О перечне вещей и предметов, запрещенных в пользовании осужденных, скажу отдельно. Вначале коротко: почти все, что запрещено, за исключением разве что оружия, имеется в наличии в ИУ. Ну, и кроме того, что совсем уж никому не нужно. Например, оптические приборы и радиоактивные вещества, валюта зарубежных стран, электронно-вычислительные машины и топографические карты (не путать с порнографическими). Все остальное - пожалуйста. Возьмем деньги. В соответствии с правилами - не положено. Тем не менее раз в месяц в УЦ 267/41 по громкой трансляции на весь лагерь звучала команда (!): всем, у кого есть деньги, разрешается отовариться в магазине. Владельцы денег приходили и открыто, на виду у всей администрации ИУ, покупали сгущенку и пряники. При этом сотрудники администрации, ни слова не говоря зекам, тупо записывали в тетрадки фамилии владельцев денег. И все. Репрессий не было. Просто факт наличия денег всплывал в памяти администрации тогда, когда ей это было нужно. Например, в качестве повода для запрета свидания или перед заседанием комиссии по УДО.

Особенно нелепым мне кажется запрет на пользование ножами, под которыми администрация ИУ понимает также и консервные ножи. Получается, что банку сгущенного молока в магазине зек купить может, а вот открыть ее - нельзя. Конечно, у всех были и консервные ножи, и просто ножи. Потому что администрация фактически разрешала в бараках готовить пищу. Так же, как разрешала иметь в пользовании продукты питания, требующие тепловой обработки. И я, кстати, не помню ни одного случая, чтобы наличие ножей и этих продуктов послужило поводом для конфликта сторон. Почему? Потому что обе стороны понимали: запретом ничего не добьешься.
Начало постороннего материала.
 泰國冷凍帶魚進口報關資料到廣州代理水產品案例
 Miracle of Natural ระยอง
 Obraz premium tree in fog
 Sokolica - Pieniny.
В свою очередь осужденные соблюдали элементарные правила санитарии, следили за работой холодильников и электроплит... Словом, делали все, чтобы у администрации не было причин запрещать.
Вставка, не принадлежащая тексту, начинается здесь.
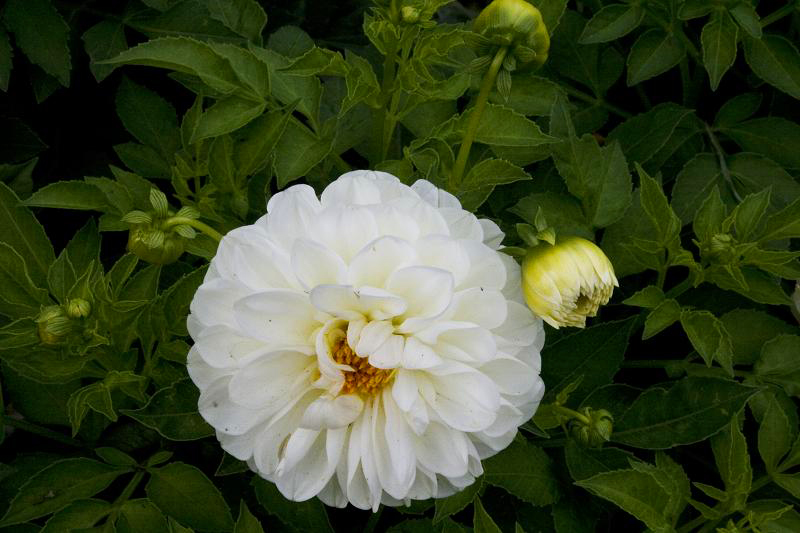 photo "***" tags: nature, flowers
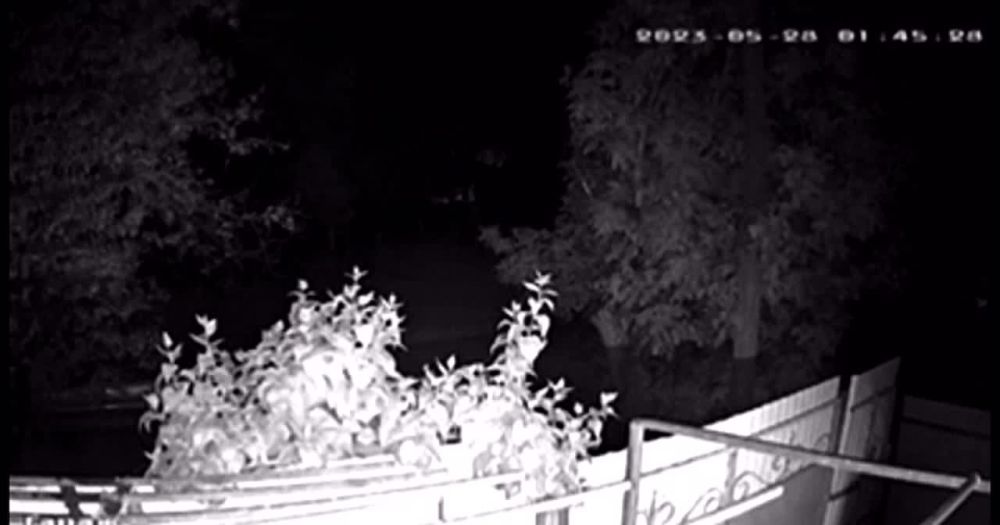 � ���� ��������� ����� �� ���������� ������ ������� �����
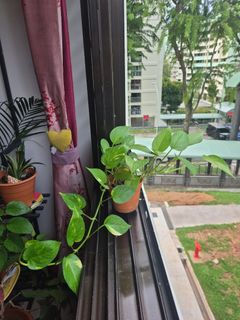 (Category: ) located in . Submitted by i_have (Listing ID 1447117255, Image 1). Description: .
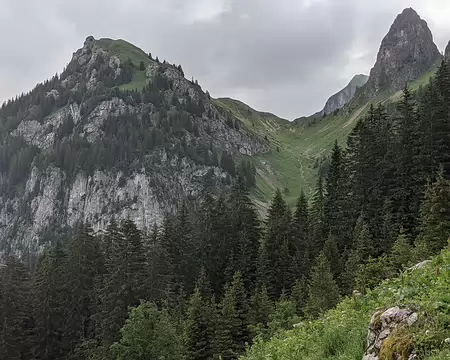 20210701-10h11m16s-PXL_20210701_081116916-V3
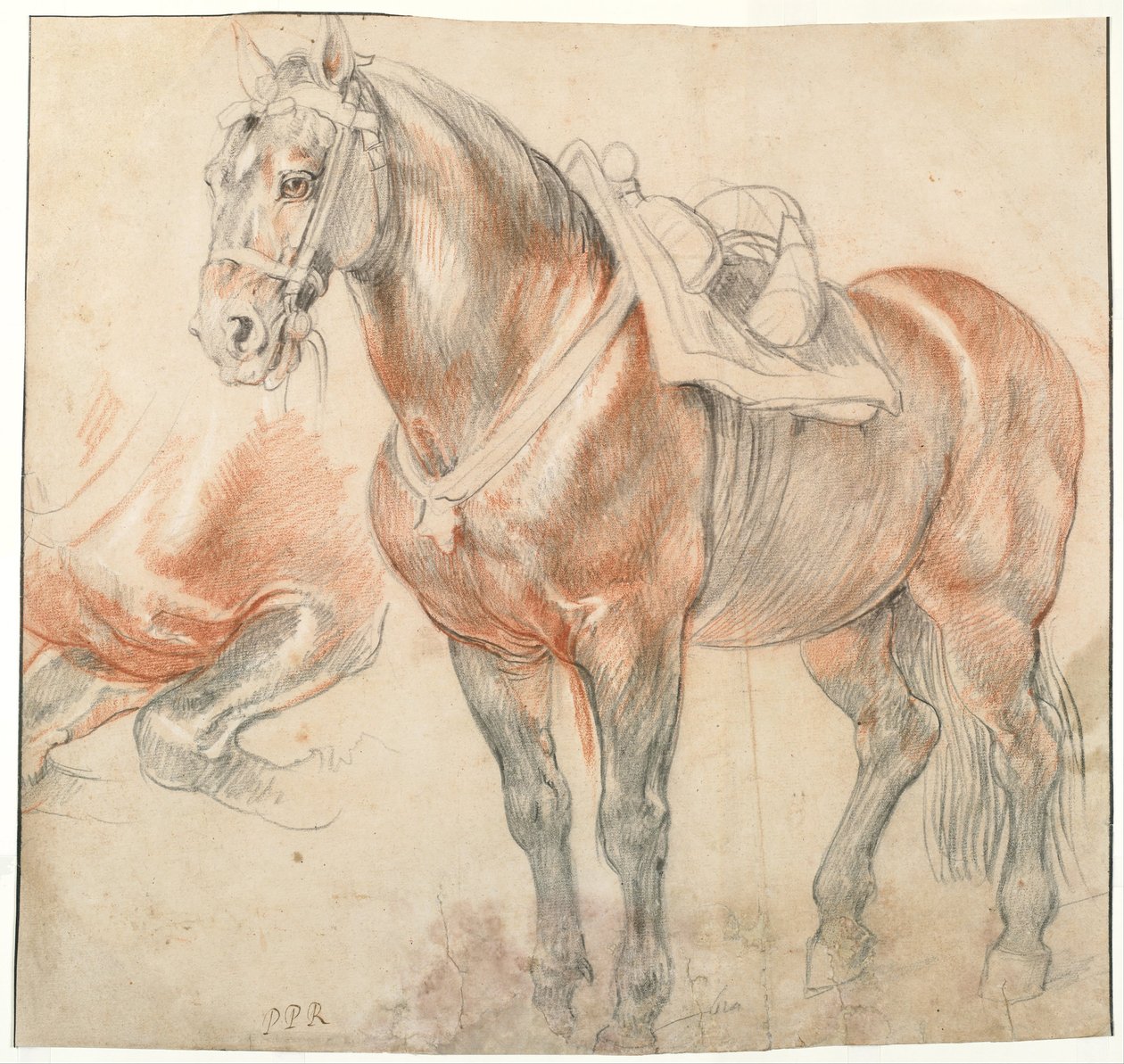 Gezadeld paard, c. 1616-1618 door Peter Paul Rubens
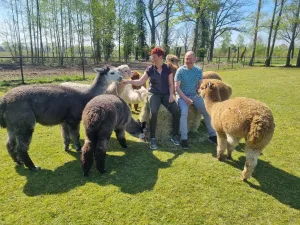 Gilbert en Wilma van de Alpaca Boerderij tussen hun alpaca's. Foto: Alpaca Ranch d'n Achterhoek.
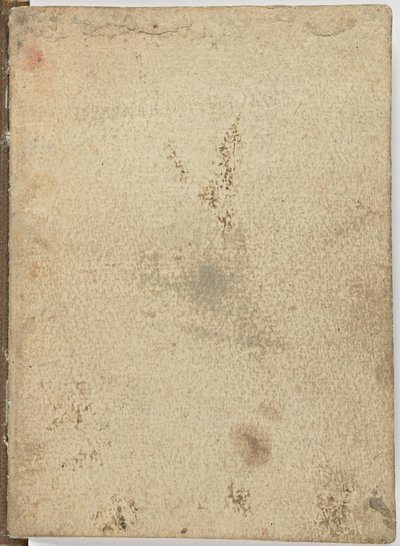 Code on the Flight of Birds by Leonardo da Vinci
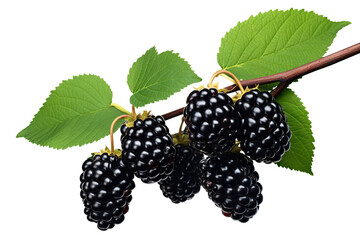 Branch of delicious ripe blackberries, cut out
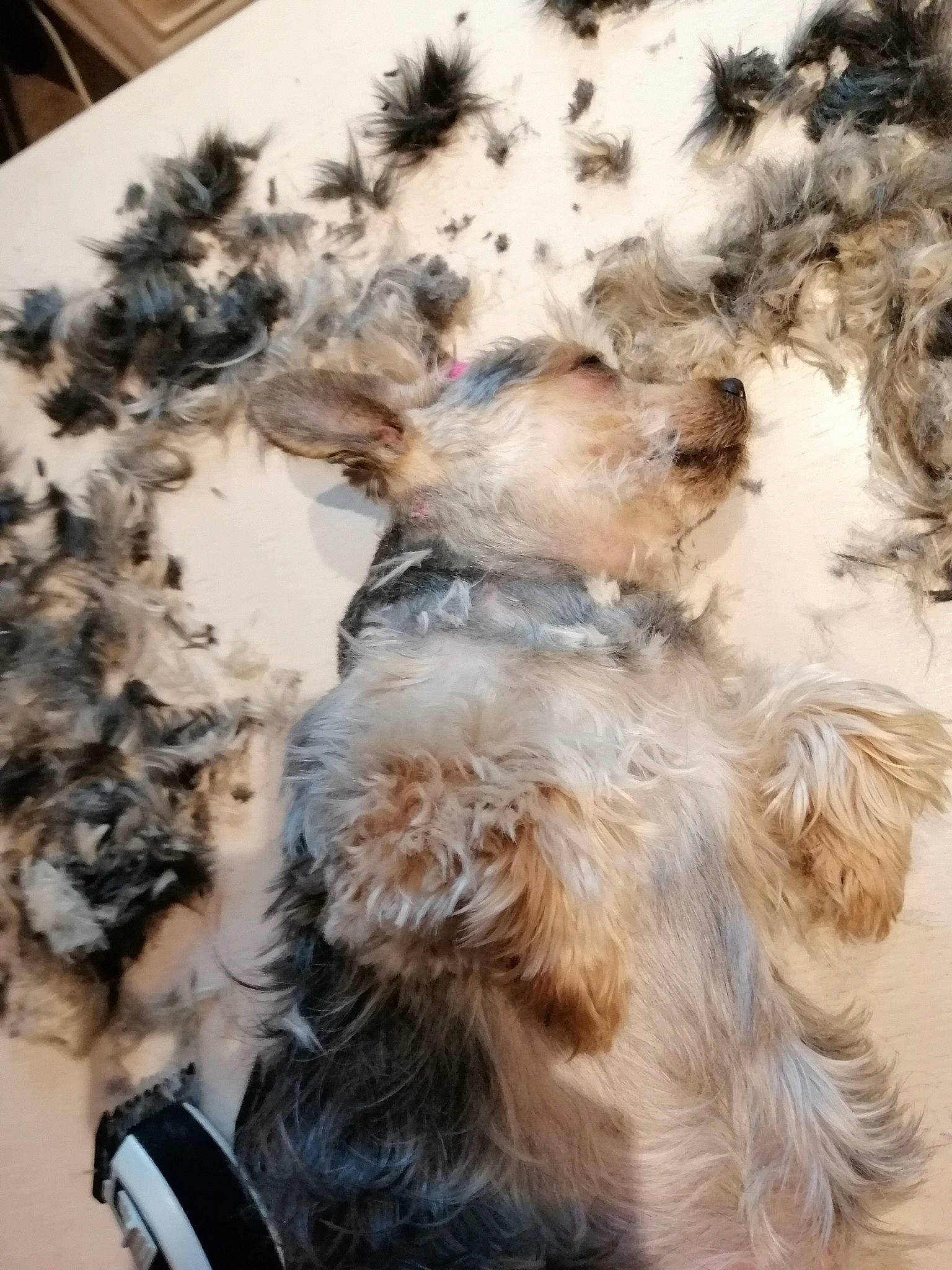 Feeby a rejoint le concours — aidez-le/la à gagner de superbes lots ! animal_product, canidae, carnivore, companion_dog, dog, dog_breed, fashion_accessory, feather, fur, liver, natural_material, non_sporting_group, pattern, sporting_group, tail, terrier, toy_dog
Мне кажется, что государство в лице ГУИН порой излишне подозрительно относится к осужденным, словно ждет от них какой-то подлости и гадости. Отсюда - состояние необъявленной войны, конфронтация. Зачем? Зеки ведь понимают, что не уиновцы их ловили и приговаривали к длительным срокам лишения свободы. Объектом ненависти заключенного может быть только подлый "мусор" - сотрудник милиции или ФСБ, который, по мнению зека, несправедливо возбудил уголовное дело, и судья, который "дал много". Умные уиновцы это понимают и стараются ничем глупым не усложнять жизнь осужденных и - как следствие - свою жизнь.

Из "пещерных" требований ПВР я бы отметил запрет на пользование телефоном в любое удобное для зеков время (за свой счет, разумеется, а то, не дай Бог, государство Российское разорится); на пользование компьютером (без входа в Интернет хотя бы); фотоаппаратом, одеколоном ( в разумных количествах на одного человека), удобной одеждой и обувью (а не тем убожеством, что предлагает ГУИН), цветными карандашами и красками, радиоприемниками и многим другим.

Я не знаю, сколько еще веков должно пройти, чтобы в России поняли идиотизм запрета на то, что во всем мире уже давно не запрещено.

Может, во всем мире эскимосы давно поумнели, а наши по-прежнему сочиняют правила. Сочиняют для всех, не только для жителей Конго.